Polls conducted before and after the Israeli prime minister's address before Congress show a shift.

Israeli Prime Minister and Likud party's candidate running for general elections, Benjamin Netanyahu, attends a meeting with members of Israel's French Jewish community on March 10, 2015, in the Israeli Mediterranean coastal city of Netanya.

JACK GUEZ/AFP/Getty Images

Maybe that speech before Congress wasn't such a good idea after all. 

Israeli Prime Minister Benjamin Netanyahu's favorability ratings with Americans have fallen in the wake of his March 3 address at the U.S. House of Representatives, a new Gallup poll finds. 
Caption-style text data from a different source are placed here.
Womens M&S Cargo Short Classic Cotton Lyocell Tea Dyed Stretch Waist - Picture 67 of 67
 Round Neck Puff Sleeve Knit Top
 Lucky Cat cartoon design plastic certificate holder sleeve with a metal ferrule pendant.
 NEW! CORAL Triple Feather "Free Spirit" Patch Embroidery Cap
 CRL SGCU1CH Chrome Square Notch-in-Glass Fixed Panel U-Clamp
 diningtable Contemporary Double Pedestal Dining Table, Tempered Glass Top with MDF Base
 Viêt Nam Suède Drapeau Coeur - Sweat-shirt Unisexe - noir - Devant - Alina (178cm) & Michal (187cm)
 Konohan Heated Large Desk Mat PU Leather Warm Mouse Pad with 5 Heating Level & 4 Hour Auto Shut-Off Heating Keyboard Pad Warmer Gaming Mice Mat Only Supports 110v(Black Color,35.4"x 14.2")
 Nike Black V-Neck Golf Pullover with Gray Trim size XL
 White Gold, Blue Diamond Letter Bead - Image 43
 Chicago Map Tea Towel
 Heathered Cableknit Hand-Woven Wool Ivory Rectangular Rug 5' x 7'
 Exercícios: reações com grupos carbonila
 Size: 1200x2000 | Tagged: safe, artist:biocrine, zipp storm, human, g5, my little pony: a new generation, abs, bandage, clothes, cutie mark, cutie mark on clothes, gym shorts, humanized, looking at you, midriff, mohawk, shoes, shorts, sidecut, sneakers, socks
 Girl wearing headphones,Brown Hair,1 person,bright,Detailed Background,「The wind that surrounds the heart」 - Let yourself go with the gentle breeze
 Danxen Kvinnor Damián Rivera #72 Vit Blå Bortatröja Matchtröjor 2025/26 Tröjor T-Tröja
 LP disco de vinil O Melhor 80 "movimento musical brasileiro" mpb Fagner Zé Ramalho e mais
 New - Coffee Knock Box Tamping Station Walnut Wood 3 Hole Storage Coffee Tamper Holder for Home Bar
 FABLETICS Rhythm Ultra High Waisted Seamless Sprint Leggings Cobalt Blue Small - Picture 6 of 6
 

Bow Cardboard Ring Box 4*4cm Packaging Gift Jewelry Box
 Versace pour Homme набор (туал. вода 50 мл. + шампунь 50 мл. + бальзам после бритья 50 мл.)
Conducted between March 5-8, the new poll shows Netanyahu's favorable rating fell seven points (to 38 percent), while his unfavorable numbers jumped by five percentage points (to 29 percent) in comparison to the same poll Gallup conducted from February 8-11. 

House Speaker John Boehner invited Netanyahu to address Congress without consulting the White House, a shift in protocol at a time when President Obama's administration is attempting to negotiate a deal that would prevent Iran from obtaining a nuclear weapon. Netanyahu used his speech to try and convince lawmakers to kill any deal with Tehran until there is regime change in Iran. 

Citing the forthcoming elections in Israel, Obama did not attend Netanyahu's speech, nor did he meet with him during the prime minister's trip to Washington. Polls show a very tight race, in which Netanyahu is in real danger of being defeated, and his U.S. address having helped his chances. 

As for the Gallup survey, the decline in Netanyahu's favorable ratings had a partisan explanation. Just 17 percent of Democrats in the new survey gave Netanyahu a favorable rating, while 46 percent said unfavorable. For Republicans, on the other hand, 62 percent gave him a favorable rating, while just 16 percent said they viewed him as unfavorable.